» **DESCRIPTION OF THE TASK**: The required output is the exact run of lines below that opens at the line with "HP EliteBook x360" and closes at the line with "Hyundai Starex I".

───── RECORD EXTRACTS

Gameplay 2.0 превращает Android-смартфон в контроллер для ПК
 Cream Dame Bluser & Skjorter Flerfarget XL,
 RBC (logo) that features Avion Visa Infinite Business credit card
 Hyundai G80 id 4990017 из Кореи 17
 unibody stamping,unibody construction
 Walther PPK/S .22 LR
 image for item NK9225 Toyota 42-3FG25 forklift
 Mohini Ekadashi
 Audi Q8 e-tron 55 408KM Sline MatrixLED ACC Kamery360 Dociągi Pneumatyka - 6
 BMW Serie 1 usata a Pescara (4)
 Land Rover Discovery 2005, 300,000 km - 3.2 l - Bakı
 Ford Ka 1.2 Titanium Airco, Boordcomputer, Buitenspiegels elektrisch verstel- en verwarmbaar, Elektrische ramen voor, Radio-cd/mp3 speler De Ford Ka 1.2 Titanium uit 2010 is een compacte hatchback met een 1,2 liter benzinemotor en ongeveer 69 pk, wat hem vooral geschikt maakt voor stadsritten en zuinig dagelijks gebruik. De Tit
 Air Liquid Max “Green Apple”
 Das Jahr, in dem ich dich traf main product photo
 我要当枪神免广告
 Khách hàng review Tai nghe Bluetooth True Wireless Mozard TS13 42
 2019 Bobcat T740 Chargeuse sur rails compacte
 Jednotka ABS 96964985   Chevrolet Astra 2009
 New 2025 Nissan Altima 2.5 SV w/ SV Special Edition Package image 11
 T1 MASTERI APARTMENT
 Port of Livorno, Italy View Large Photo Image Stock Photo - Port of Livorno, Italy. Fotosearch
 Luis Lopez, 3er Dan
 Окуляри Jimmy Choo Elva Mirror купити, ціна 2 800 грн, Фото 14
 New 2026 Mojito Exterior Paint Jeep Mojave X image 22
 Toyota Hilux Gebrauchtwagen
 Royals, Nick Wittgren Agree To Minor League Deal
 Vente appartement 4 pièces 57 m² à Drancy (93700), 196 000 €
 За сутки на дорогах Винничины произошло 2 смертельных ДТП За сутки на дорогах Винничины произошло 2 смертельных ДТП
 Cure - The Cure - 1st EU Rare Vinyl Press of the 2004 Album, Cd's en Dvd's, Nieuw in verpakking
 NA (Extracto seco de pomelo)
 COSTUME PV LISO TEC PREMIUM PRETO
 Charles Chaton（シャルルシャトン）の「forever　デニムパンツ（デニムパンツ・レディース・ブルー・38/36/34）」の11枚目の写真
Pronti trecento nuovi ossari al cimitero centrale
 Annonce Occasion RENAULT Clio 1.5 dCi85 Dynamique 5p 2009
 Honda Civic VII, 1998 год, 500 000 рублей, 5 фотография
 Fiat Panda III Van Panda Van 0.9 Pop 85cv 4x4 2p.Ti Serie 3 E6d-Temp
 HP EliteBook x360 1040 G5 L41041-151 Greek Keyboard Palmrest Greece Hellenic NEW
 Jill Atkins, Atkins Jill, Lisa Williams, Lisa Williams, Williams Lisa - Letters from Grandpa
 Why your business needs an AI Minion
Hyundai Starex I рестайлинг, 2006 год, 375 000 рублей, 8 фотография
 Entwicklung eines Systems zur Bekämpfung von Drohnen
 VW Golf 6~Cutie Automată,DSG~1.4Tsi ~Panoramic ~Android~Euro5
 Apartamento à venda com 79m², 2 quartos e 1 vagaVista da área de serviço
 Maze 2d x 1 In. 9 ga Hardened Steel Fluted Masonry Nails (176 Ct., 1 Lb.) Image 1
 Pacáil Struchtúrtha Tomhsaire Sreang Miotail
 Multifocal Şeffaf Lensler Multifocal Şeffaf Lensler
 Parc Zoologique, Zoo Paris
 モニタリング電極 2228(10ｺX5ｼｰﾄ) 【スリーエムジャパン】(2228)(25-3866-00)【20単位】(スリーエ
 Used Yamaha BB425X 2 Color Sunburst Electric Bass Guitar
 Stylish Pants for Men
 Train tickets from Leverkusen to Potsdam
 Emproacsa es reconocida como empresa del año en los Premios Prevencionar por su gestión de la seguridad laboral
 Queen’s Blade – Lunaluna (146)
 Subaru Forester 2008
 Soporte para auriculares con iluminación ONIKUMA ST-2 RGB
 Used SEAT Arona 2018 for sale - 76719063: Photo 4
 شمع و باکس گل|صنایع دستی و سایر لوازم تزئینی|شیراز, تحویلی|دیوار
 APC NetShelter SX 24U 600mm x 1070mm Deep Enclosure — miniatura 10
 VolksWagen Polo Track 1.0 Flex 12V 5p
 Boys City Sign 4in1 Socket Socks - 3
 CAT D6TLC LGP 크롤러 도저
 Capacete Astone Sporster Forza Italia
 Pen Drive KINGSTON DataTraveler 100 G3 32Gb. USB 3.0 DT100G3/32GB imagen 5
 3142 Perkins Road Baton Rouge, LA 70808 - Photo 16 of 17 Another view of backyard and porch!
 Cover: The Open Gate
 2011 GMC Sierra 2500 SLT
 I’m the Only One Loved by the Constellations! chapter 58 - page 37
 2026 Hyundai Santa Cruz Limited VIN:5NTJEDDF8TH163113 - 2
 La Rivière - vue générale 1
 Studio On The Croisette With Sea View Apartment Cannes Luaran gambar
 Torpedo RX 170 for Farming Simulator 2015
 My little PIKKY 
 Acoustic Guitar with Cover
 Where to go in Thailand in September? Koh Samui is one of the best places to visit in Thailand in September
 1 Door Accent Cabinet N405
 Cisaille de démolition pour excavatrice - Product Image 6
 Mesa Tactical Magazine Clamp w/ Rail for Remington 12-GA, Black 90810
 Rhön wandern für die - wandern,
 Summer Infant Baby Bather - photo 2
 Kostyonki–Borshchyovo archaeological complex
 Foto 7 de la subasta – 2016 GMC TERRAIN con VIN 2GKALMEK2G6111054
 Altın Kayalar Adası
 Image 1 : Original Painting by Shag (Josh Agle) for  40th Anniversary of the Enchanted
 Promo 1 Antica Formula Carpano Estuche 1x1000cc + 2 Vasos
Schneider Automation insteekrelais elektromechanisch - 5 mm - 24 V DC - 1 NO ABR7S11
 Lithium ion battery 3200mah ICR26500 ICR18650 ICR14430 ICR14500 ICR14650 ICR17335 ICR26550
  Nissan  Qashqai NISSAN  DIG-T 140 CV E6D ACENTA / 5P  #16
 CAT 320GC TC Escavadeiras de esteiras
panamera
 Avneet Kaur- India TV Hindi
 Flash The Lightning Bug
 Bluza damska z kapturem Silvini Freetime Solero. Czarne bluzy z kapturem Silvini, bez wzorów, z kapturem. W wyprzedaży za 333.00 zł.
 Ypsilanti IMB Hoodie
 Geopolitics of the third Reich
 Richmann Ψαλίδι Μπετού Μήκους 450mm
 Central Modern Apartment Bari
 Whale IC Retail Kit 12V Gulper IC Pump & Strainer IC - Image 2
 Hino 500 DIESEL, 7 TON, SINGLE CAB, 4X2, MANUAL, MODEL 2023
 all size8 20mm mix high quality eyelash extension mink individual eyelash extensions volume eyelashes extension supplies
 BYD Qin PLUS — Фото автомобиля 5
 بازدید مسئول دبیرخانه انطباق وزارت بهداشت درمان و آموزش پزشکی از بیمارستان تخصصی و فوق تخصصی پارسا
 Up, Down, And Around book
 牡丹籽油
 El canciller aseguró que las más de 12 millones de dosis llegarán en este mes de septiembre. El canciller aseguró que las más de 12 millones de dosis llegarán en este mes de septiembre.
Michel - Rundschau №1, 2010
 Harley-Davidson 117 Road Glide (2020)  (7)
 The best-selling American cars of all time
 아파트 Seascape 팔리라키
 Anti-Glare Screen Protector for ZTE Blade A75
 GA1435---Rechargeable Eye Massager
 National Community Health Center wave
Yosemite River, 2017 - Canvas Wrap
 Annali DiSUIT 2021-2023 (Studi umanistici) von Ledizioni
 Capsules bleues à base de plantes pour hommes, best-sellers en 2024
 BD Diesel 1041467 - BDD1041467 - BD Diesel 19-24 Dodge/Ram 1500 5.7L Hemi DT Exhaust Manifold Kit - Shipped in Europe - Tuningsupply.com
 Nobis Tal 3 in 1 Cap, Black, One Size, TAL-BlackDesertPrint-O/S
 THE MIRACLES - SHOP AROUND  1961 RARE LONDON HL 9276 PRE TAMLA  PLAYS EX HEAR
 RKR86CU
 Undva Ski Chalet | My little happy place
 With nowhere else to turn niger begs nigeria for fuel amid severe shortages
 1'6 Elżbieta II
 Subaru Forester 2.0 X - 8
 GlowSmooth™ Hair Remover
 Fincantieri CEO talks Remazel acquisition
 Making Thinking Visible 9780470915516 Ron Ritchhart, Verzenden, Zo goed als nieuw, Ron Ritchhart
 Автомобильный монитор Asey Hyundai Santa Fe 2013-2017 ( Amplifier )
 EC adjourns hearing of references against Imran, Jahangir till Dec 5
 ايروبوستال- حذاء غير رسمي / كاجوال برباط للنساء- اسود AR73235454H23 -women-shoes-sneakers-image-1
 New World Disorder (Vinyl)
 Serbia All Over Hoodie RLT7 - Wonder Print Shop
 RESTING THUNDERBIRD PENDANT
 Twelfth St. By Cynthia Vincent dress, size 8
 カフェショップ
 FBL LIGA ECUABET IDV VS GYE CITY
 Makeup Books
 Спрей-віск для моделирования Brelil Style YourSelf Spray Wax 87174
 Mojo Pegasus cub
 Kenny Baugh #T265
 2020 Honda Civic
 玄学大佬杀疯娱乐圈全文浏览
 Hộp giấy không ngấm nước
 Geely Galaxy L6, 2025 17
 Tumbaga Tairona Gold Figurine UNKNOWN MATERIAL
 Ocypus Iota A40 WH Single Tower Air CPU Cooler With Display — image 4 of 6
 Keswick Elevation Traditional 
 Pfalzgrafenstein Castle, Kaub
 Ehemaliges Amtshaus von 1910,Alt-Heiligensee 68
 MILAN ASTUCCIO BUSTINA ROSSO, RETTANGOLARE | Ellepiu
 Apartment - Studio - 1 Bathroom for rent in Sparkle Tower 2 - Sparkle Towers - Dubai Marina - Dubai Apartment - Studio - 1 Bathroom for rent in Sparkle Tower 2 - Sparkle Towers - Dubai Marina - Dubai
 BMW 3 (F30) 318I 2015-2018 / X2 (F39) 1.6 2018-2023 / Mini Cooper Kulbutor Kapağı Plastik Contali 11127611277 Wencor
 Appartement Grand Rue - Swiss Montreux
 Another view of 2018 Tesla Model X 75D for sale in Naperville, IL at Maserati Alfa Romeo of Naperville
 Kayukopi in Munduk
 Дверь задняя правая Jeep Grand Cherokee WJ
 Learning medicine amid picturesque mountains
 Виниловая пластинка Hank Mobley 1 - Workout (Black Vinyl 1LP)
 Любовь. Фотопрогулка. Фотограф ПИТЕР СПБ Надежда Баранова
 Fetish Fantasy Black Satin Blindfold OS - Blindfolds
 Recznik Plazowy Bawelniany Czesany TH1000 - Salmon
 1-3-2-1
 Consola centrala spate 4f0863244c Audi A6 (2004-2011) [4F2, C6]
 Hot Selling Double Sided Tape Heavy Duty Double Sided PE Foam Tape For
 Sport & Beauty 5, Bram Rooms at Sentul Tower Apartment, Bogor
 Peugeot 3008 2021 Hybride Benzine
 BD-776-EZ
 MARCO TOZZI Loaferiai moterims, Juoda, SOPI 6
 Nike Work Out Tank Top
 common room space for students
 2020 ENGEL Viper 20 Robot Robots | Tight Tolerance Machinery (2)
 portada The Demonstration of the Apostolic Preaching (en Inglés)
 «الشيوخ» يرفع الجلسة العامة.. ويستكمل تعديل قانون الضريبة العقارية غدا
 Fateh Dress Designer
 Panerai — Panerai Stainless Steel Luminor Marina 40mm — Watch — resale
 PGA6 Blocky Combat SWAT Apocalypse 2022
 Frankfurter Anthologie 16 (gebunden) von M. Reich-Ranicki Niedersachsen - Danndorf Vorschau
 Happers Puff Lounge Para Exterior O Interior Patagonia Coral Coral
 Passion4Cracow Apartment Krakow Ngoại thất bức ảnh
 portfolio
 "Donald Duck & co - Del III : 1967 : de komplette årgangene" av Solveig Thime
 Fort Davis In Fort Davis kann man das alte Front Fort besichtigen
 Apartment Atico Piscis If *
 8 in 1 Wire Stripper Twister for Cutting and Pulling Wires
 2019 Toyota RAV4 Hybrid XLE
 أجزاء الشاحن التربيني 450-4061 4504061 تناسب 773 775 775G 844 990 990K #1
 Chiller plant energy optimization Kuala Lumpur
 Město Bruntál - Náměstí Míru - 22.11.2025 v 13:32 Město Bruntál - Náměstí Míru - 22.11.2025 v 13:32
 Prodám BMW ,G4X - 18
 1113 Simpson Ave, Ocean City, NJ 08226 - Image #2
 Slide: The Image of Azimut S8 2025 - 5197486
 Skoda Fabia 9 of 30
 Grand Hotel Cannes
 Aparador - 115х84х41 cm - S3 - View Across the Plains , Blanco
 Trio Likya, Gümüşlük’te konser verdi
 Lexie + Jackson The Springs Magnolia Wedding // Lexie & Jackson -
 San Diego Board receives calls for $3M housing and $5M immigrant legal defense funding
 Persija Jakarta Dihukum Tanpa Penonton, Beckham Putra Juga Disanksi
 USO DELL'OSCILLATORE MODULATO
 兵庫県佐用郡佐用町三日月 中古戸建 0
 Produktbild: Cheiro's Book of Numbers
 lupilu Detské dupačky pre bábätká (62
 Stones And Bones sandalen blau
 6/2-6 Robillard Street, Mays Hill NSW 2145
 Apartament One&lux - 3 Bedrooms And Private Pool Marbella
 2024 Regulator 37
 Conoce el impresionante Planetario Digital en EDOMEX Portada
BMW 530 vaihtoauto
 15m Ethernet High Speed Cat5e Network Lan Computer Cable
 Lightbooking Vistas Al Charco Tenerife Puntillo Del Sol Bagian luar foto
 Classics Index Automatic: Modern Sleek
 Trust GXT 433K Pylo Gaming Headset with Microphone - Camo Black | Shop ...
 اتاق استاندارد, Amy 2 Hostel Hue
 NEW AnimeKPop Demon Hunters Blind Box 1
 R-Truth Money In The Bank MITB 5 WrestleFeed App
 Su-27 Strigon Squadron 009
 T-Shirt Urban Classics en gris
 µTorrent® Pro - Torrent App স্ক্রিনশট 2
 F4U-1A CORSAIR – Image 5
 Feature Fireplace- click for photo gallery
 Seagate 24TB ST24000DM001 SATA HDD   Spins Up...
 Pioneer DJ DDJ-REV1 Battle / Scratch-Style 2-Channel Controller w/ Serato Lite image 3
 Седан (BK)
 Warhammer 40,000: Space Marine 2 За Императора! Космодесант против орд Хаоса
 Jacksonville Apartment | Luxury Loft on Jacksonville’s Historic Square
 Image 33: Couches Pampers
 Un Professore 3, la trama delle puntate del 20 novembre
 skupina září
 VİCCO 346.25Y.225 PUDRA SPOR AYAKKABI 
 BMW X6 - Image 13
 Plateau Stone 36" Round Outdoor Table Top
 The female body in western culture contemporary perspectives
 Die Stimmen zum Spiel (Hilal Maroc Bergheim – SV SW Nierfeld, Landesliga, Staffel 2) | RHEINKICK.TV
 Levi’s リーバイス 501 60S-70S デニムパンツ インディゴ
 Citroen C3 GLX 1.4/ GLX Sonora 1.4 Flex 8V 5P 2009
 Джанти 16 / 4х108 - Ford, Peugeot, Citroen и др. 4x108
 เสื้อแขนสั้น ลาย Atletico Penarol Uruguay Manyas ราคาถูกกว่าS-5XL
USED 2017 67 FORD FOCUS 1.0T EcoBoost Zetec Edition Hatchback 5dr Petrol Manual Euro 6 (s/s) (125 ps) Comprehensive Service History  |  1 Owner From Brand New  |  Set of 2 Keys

──────────

» **ANSWER FOR THIS EXERCISE**:
 HP EliteBook x360 1040 G5 L41041-151 Greek Keyboard Palmrest Greece Hellenic NEW
 Jill Atkins, Atkins Jill, Lisa Williams, Lisa Williams, Williams Lisa - Letters from Grandpa
 Why your business needs an AI Minion
Hyundai Starex I рестайлинг, 2006 год, 375 000 рублей, 8 фотография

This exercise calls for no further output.